The data ->
□ □ □ □

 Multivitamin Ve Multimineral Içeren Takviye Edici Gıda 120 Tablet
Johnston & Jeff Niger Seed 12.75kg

□ □ □ □

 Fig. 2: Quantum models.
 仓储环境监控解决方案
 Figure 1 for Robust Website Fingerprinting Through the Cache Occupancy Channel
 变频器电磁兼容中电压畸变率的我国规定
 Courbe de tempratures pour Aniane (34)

□ □ □ □

What is required ->
Taking the entries above, restate exactly those lines that fall between the line with "Fig. 2: Quantum models." and the line with "Courbe de tempratures pour Aniane (34)", keeping both of those lines too.

Response area ->
 Fig. 2: Quantum models.
 仓储环境监控解决方案
 Figure 1 for Robust Website Fingerprinting Through the Cache Occupancy Channel
 变频器电磁兼容中电压畸变率的我国规定
 Courbe de tempratures pour Aniane (34)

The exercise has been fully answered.